City buys wind power for Howelsen
December 21, 2006
Steamboat Springs — Wind from southeastern Colorado will soon provide power for the Howelsen Hill Ski Area.
City of Steamboat Springs officials have announced the purchase of renewable energy certificates, or RECs. The wind energy is produced by Lamar Light and Power, a Lamar-based utility company with four wind turbines. Steamboat’s purchase of RECs equivalent to 352 megawatt hours will offset 100 percent of the electricity used at the downtown ski area, effective Jan. 1.

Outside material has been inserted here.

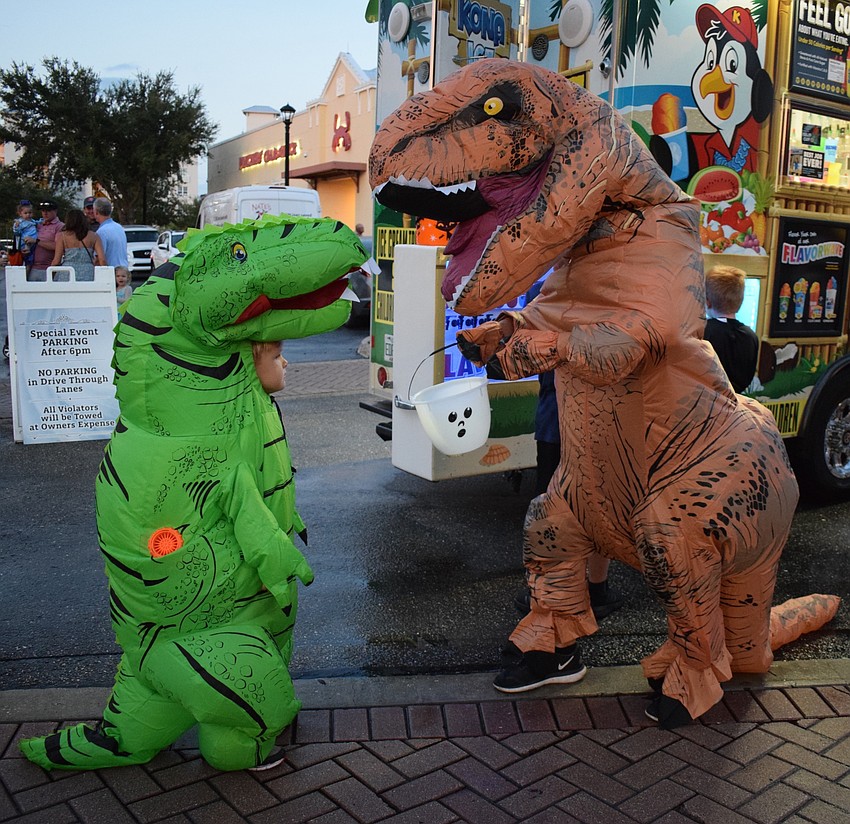 Sarasota resident Asa Wade, 5, and his dad, Stewart, march around Boo Fest as dinosaurs. Asa Wade loves being a dinosaur.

“This is one of many steps the city is taking to increase the use and promotion of renewable energy,” said Gavin Malia, chairman of the city’s Green Team. “We are in the process of taking steps to not only offset nonrenewable energy consumption with RECs, but more importantly to use energy more efficiently across the organization.”
The purchase represents more than one-fifth of the Green Team’s 2007 budget of $20,000.
“This will cost us a little less than $4,224 for one year,” Malia said.
Malia said that in future years, the expense could come out of city maintenance budgets for Howelsen Hill, a process similar to future funding for wind-power credits used at Centennial Hall. In May, the city purchased 419 megawatt hours of wind-generated RECs to offset all electricity use at Centennial Hall. In 2007, Malia said, that expense will come out of the building’s maintenance budget.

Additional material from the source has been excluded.